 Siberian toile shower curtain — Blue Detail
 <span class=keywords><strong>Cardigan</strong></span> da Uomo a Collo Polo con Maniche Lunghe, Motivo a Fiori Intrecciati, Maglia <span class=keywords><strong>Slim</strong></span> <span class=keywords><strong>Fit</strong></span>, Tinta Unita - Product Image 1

- - - - - - -

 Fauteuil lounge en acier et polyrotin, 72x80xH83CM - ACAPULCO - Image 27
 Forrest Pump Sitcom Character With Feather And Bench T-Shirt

- - - - - - -

> _About this task_
Retype only the lines above between the line with "Siberian toile shower curtain — Blue Detail" and the line with "<span class=keywords><strong>Cardigan</strong></span> da", counting those two lines as well, and keep every character as it is.

> _Answer section_
 Siberian toile shower curtain — Blue Detail
 <span class=keywords><strong>Cardigan</strong></span> da Uomo a Collo Polo con Maniche Lunghe, Motivo a Fiori Intrecciati, Maglia <span class=keywords><strong>Slim</strong></span> <span class=keywords><strong>Fit</strong></span>, Tinta Unita - Product Image 1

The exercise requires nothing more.